### Exercise requirements
Please say how many lines in the material include the string "made", and nothing else.

[Start of Attachment]

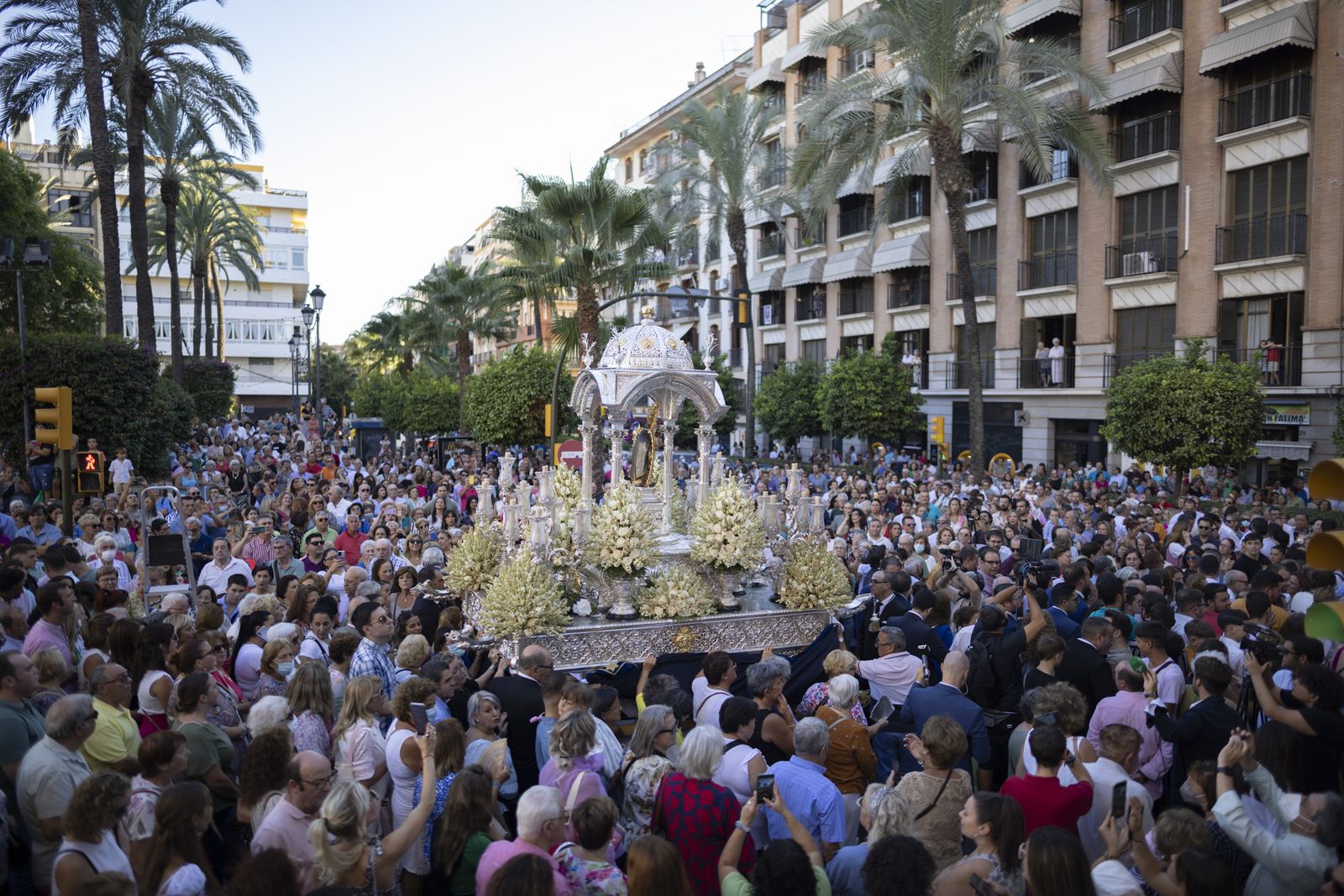 Imágenes de la salida de la Virgen de la Cinta desde la Catedral hacia el Santuario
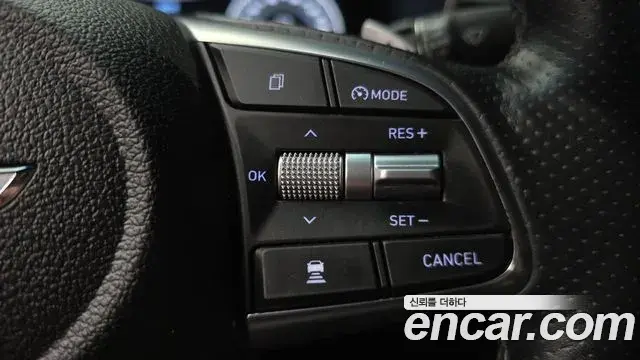 Genesis G70 2019 — Photo 12/33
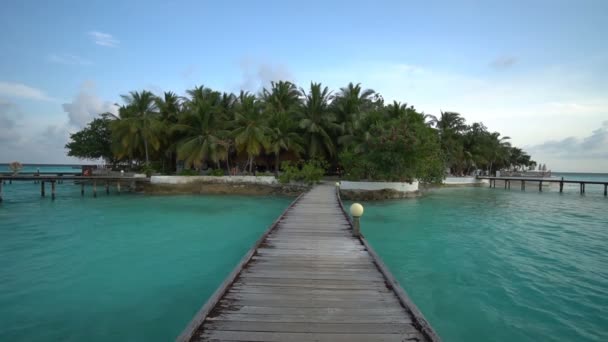 Imágenes Tranquilas Hermoso Mar Ondulado — Vídeo de stock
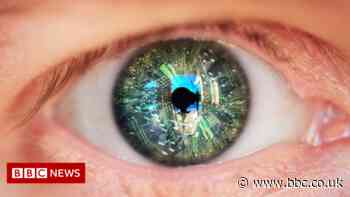 Bionic eyes: Obsolete tech leaves patients in the dark
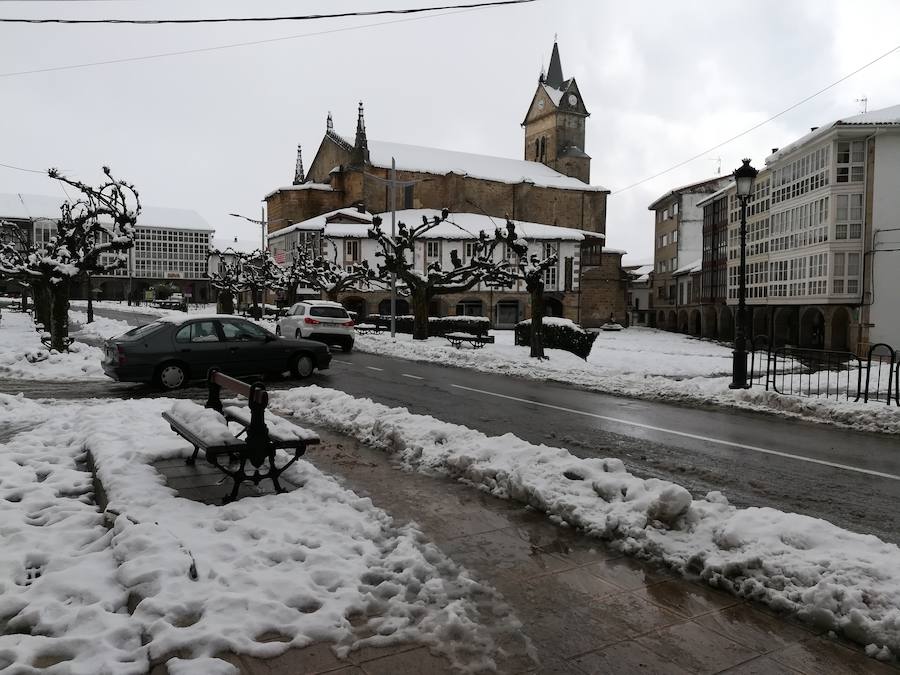 Aquí os dejamos unas imágenes sobre el paso del temporal de nieve por la provincia de Burgos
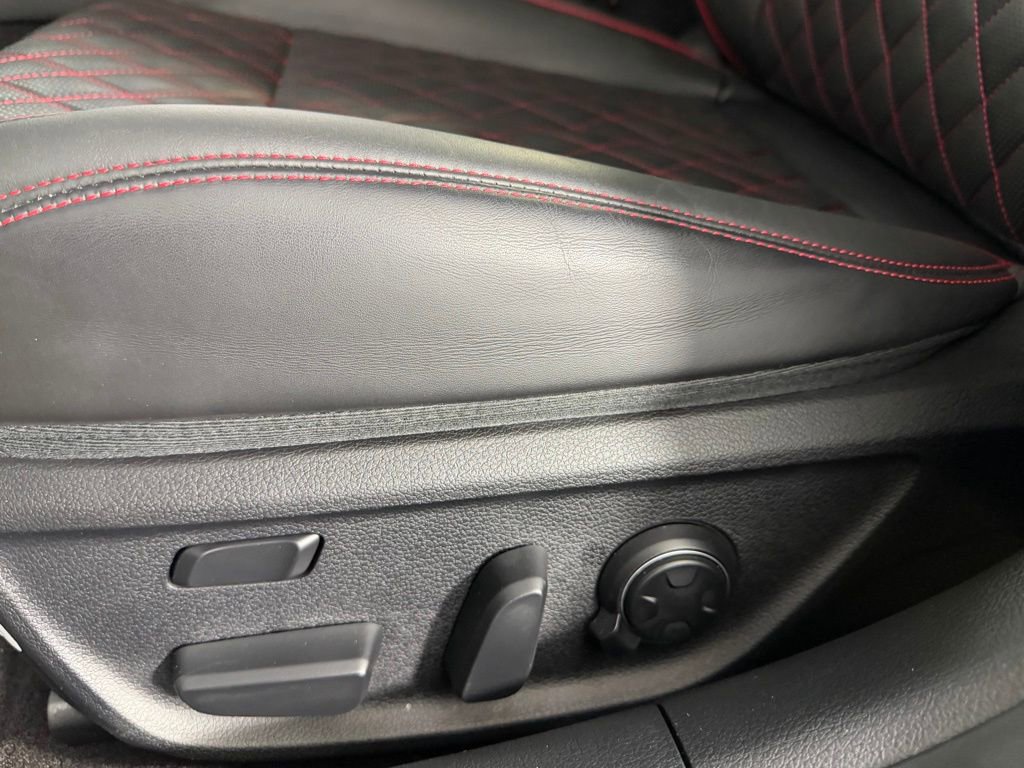 Used 2024 Genesis G70 3.3T Advanced w/ Sport Prestige Package image 24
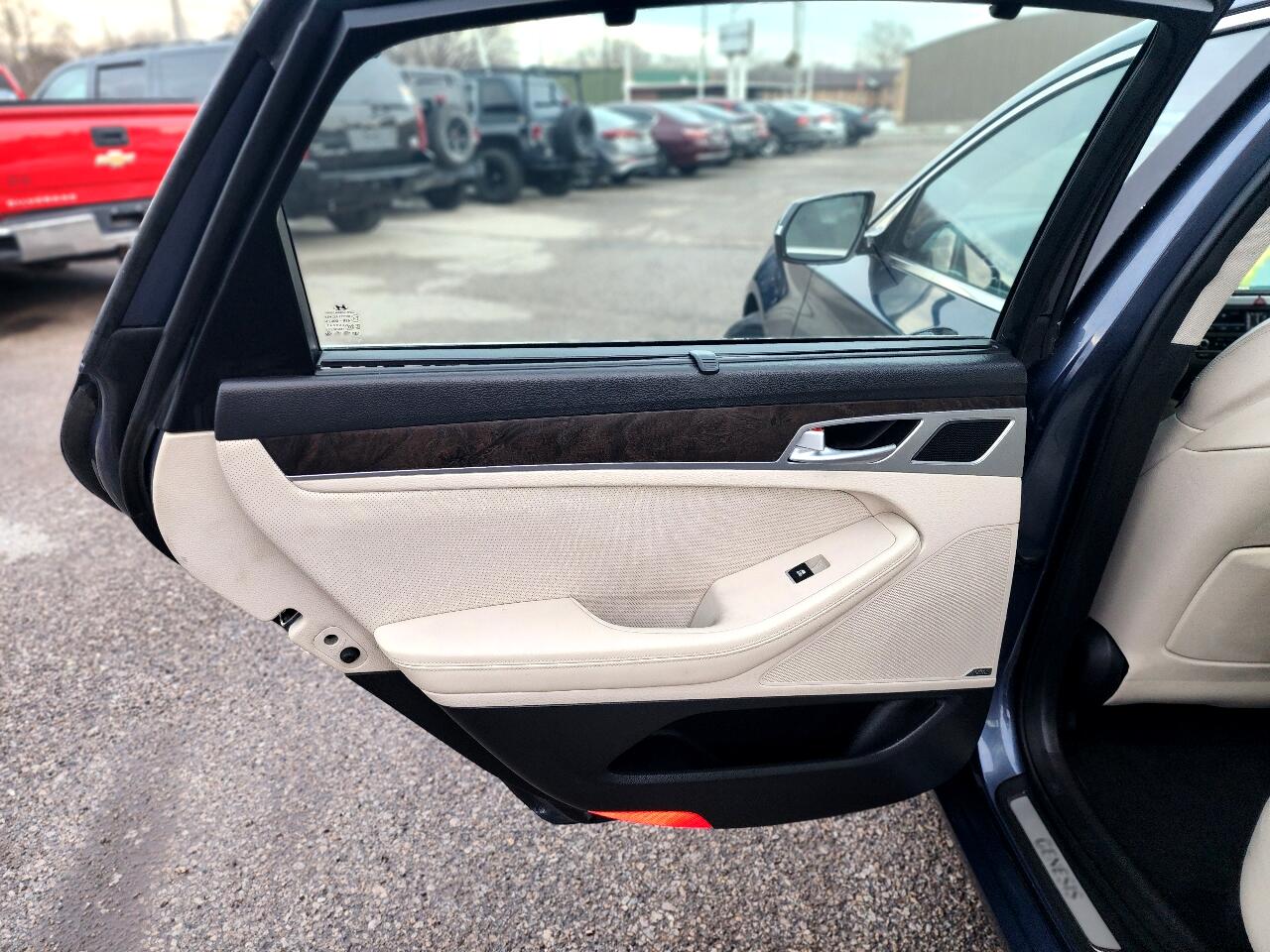 Hyundai Genesis 3.8L 2015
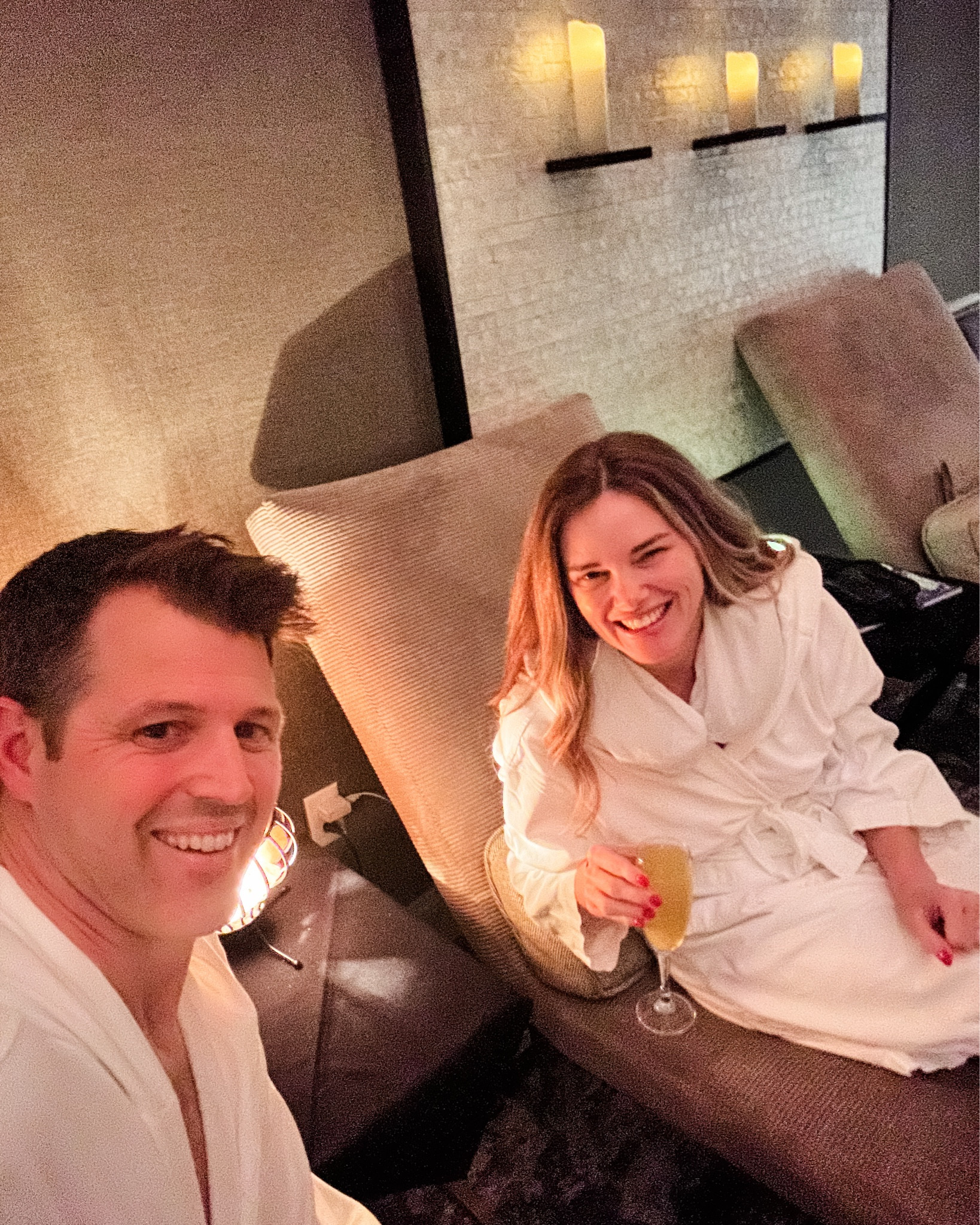 I turned 40 and it ended up being the sweetest, most simple day 🤍

The day before my birthday Chance and I kept our little tradition and went for a couples massage (the only thing I ask for every year 😂). Afterwards we grabbed brunch downtown since he actually had a free morning.

On my actual birthday I started the day with my favorite Hotworx workout (Hot Barre None) and a quick weights session… then made a Starbucks run for my favorite order, bacon & gruyère egg bites and my iced sugar-free caramel protein latte.

The rest of the day was full of all my favorite little things:
• listening to a new Audible book on my drive and walk
• catching up on comments and course work
• chatting with my beta course girls on our call
• helping at the middle school cheer clinic
• being surprised with cupcakes and a sweet gift from a friend
• Mexican for dinner (because obviously 🌮)
• coming home to flowers from my agency and cute graphic tees from Chance

Nothing extravagant… just a really good day that reminded me how grateful and blessed I am for this life, my family, and this amazing community here.

Thank you all for the birthday messages… y’all made turning 40 feel pretty special 💛

☀️We are planning a fun little birthday weekend getaway with friends in a few weeks and I can’t wait!!!

#LTKdayinmylife #LTKOver40 #LTKvlog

[End of Attachment]

### Response area
2